- _Your instructions_: From the line containing "Used Alfa Romeo" down to the last line of the material, output each line exactly as it appears, excluding pictures.

- _Provided data_:
—————

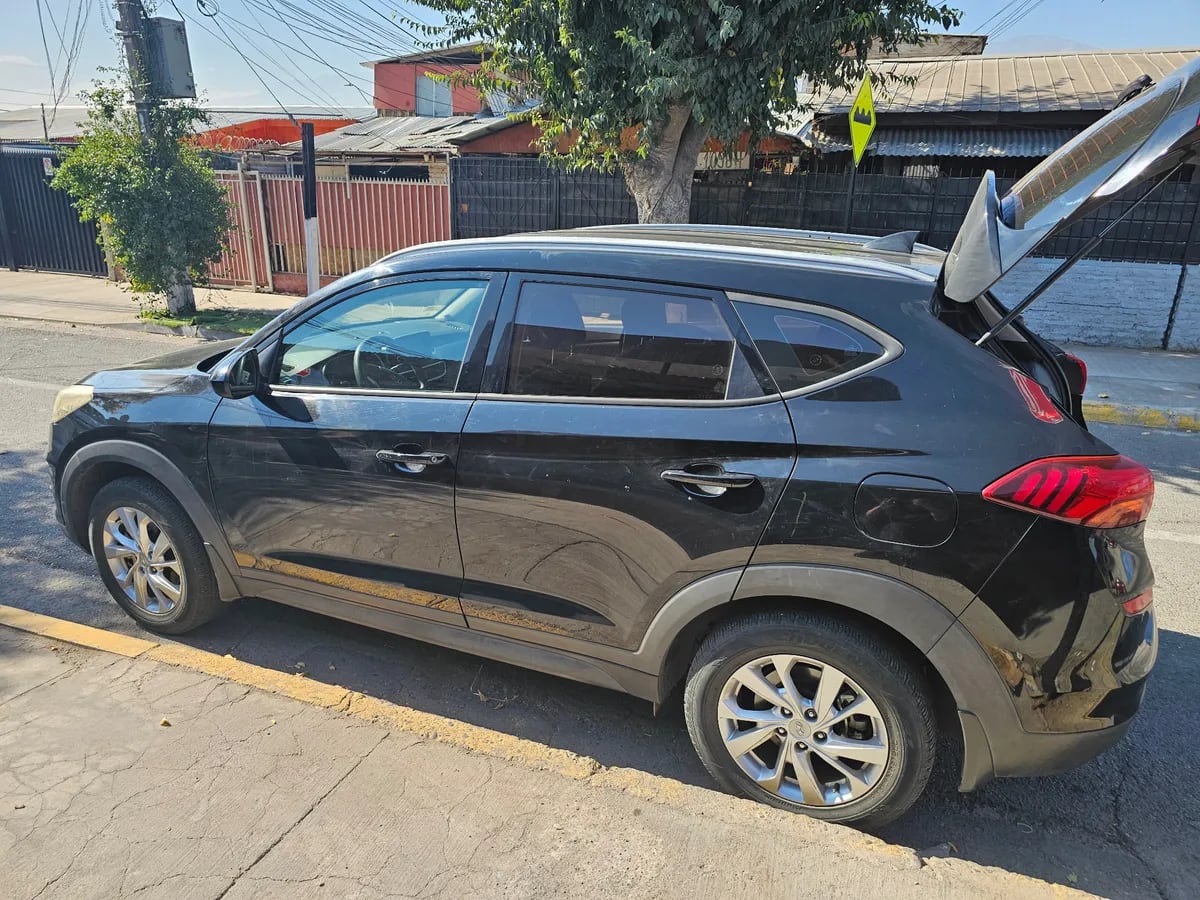HYUNDAI TUCSON 2.0 Gl 4x2 Mt año 2018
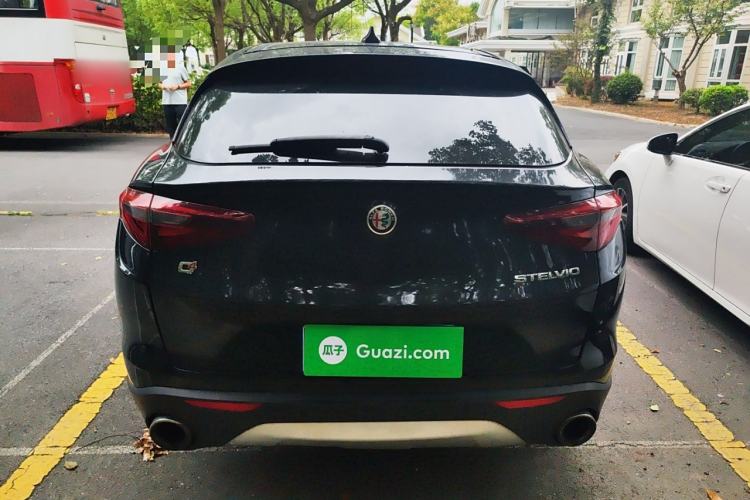 Used Alfa Romeo Stelvio 2017 2.0T 200HP Elite Edition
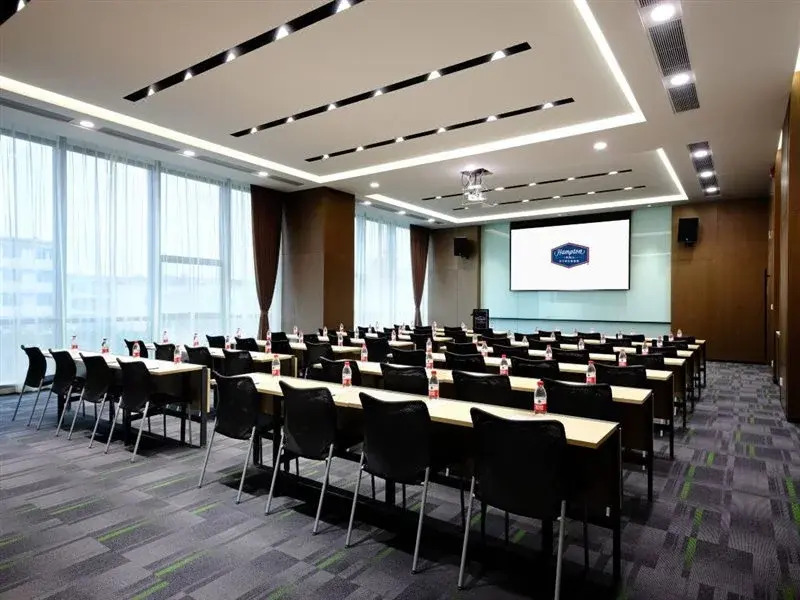 Чжучжоу: Hampton by Hilton Zhuzhou Hongqi Square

—————

- _Written solution_:
 Used Alfa Romeo Stelvio 2017 2.0T 200HP Elite Edition
 Чжучжоу: Hampton by Hilton Zhuzhou Hongqi Square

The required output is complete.